Geleneksel bir içecek olan kımız, Orta Asya bozkırlarında yaşayan Başkurt, Kırgız, Yakut gibi Türk ve Moğol kökenli halklar tarafından yaygın olarak tüketilen fermente bir içecek olarak karşımıza çıkar. Oldukça eski bir tarihi bulunan kımızın yapılışı hem malzeme seçiminde hem de hazırlık sürecinde dikkat ve özen gerektiren bir işlemdir. Kımız geleneksel yöntemlerle özel kaplarda ve doğal fermantasyon sürecinden sonra elde edilir.
Kımız, Orta Asya'nın en çok bilinen ve aynı zamanda en çok tüketilen içeceğidir. Kısrak sütünden oluşan kımız, kısrak sütünün mayalanmasıyla elde edilir. Kısrak sütü şeker bakımından zengin olduğu için kımız, kısrak sütünden yapılır. Çok eski bir tarihi bulunan kımızın, Orta Asya ve Moğolistan taraflarında yaşayan kavimler tarafından çok tüketilmiştir.
Kımızın içeriği kısrak sütünün fermante edilmiş hâlinden oluşur. Kımız Orta Asya halkları için hem besleyici hem de şifalı bir içecek olarak kabul edilir. Besleyici özellikleri de bulunan kımız, kısrak sütünün doğal bakteriler ile fermante edilmesi sonucunda elde edilen içeceğe verilen addır. Fermante edilen her içecekte olduğu gibi kımızın da fazla süreli fermante edilmesi bazı zararlara yol açar. Bunlar, kımızın zararları arasındadır.

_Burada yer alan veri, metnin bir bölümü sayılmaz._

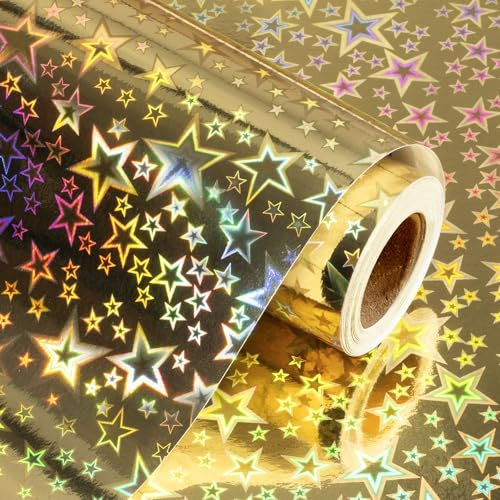 Wikadlik Gold Holografisches Geschenkpapier, niedliche Sterne Geschenkpapier für Muttertag, Geburtstag, Hochzeit, Brautparty, Weihnachten, Babyparty Party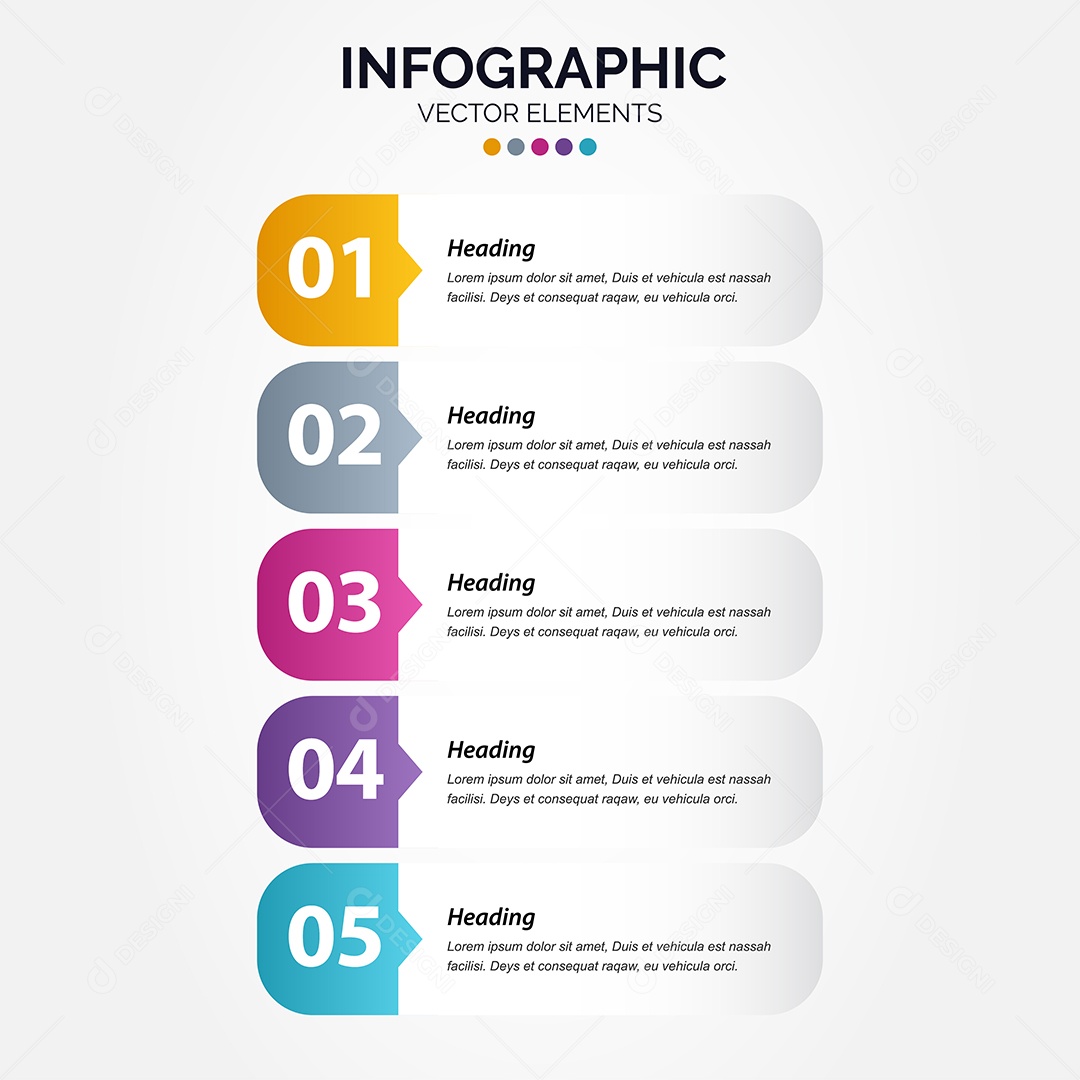 Conjunto de Infográficos Vetoriais Vetor EPS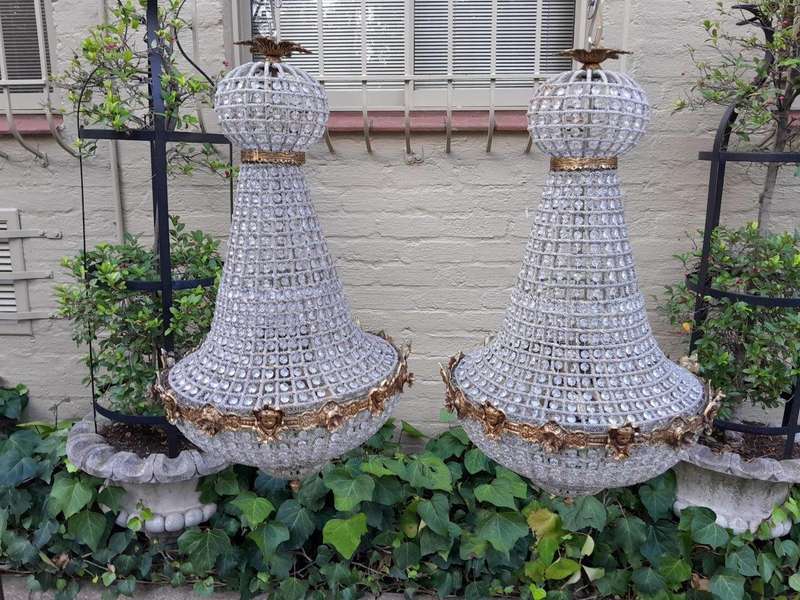 A French Style Pair of Brass Gilt & Aged Monumental Empire Style Chandeliers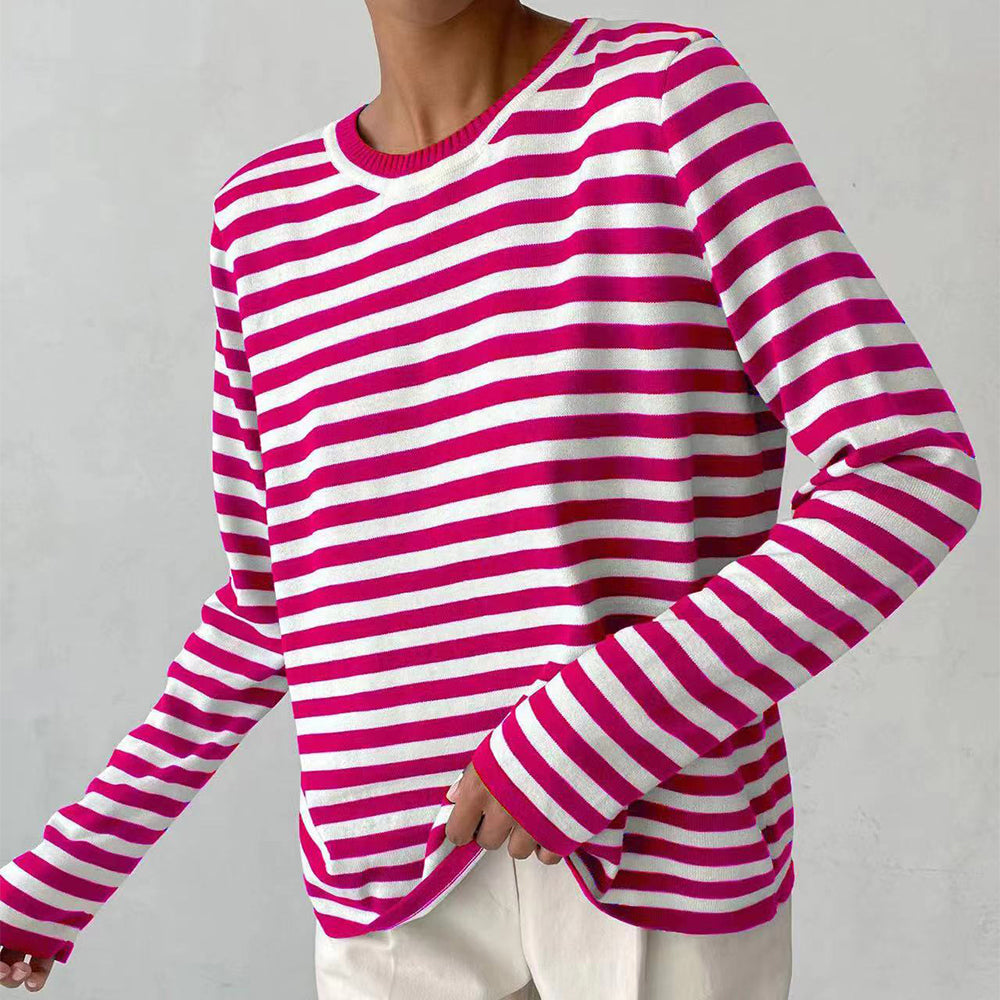 New Knitted Striped Long Sleeved Top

Kımızın insan sağlığına çeşitli faydaları bulunur. Kımız faydaları şu şekilde sıralanabilir:
Kımız yapımı, gerek hazırlık sürecinde gerekse malzeme seçiminde dikkat ve özen gerektiren bir işlemdir. Kımız, geleneksel yöntemlerle özel kaplarda ve fermantasyon süreciyle elde edilir. Kımız yapımında ilk adım kısrak sütünün sağılmasıdır. Kısrak sütü inek sütünden daha hafif ve şeker oranı yüksek olduğu için kımız yapımında kısrak sütü kullanılır. Kısrak sütü sağıldıktan sonra özel bir kaba alınır ve fermantasyona bırakılır. Kımız ahşap ya da deri kaplarda fermante edilerek ara ara karıştırılır. Böylece kımız eşit bir şekilde mayalanır ve homojen bir yapıya sahip olur.
Fermantasyon süreci genel olarak 1 ile 3 gün arasıdır. Kımız fermente olduktan sonra serin bir yerde muhafaza edilir. Kısa bir süre içinde tüketilmesi önerilir.
Kımızın yapıldıktan sonra kısa sürede tüketilmesi önerilir çünkü taze olarak tüketildiği zaman besin değerleri en üst seviyededir.
Kımızın binlerce yıllık bir geçmişi vardır ve Orta Asya'da yaşayan halkların günlük yaşamlarının bir parçasıdır. Özellikle göçebe yaşam tarzının hakim olduğu bölgelerde kımız yalnızca bir içecek değil, aynı zamanda kültürel bir sembol olarak da kullanılıyordu. At yetiştiriciliğinin ünlü olduğu Orta Asya'da kımız atlara olan bağımlılığın da sembolüdür. Atlar yalnızca binek hayvanı olarak değil süt kaynağı olarak da kullanılıyordu. Bu sebeple kımız hangi hayvanın sütünden yapılır sorusunun cevabı da kısrak olarak yanıtlanmaktadır.
Ayrıca kımız, Türk ve Moğol topluluklarında dini ve ritüel amaçlarla da kullanılıyordu. Şamanlar kımızı dini törenlerde ve ayinlerde bir amaç olarak kullanıyor ve ataların ruhlarıyla bağlantı kurmak için kımız içiyorlardı. Bu sebeple kımızın tarihinde mistik ve kutsal bir anlam taşıması da bulunur.
Ruslar da kımızla tanıştıktan sonra sağlık üzerindeki olumlu etkilerini görmüş ve kımız tedavisi adı altında tüberküloz ve solunum yolu hastalıkları için tavsiye etmişlerdir. Hatta bu dönemden sonra Rusya'da kımız sanatoryumları bile kurulmuştur. Günümüzde ise kımız hala Orta Asya'da geleneksel olarak üretilir ve tüketilir.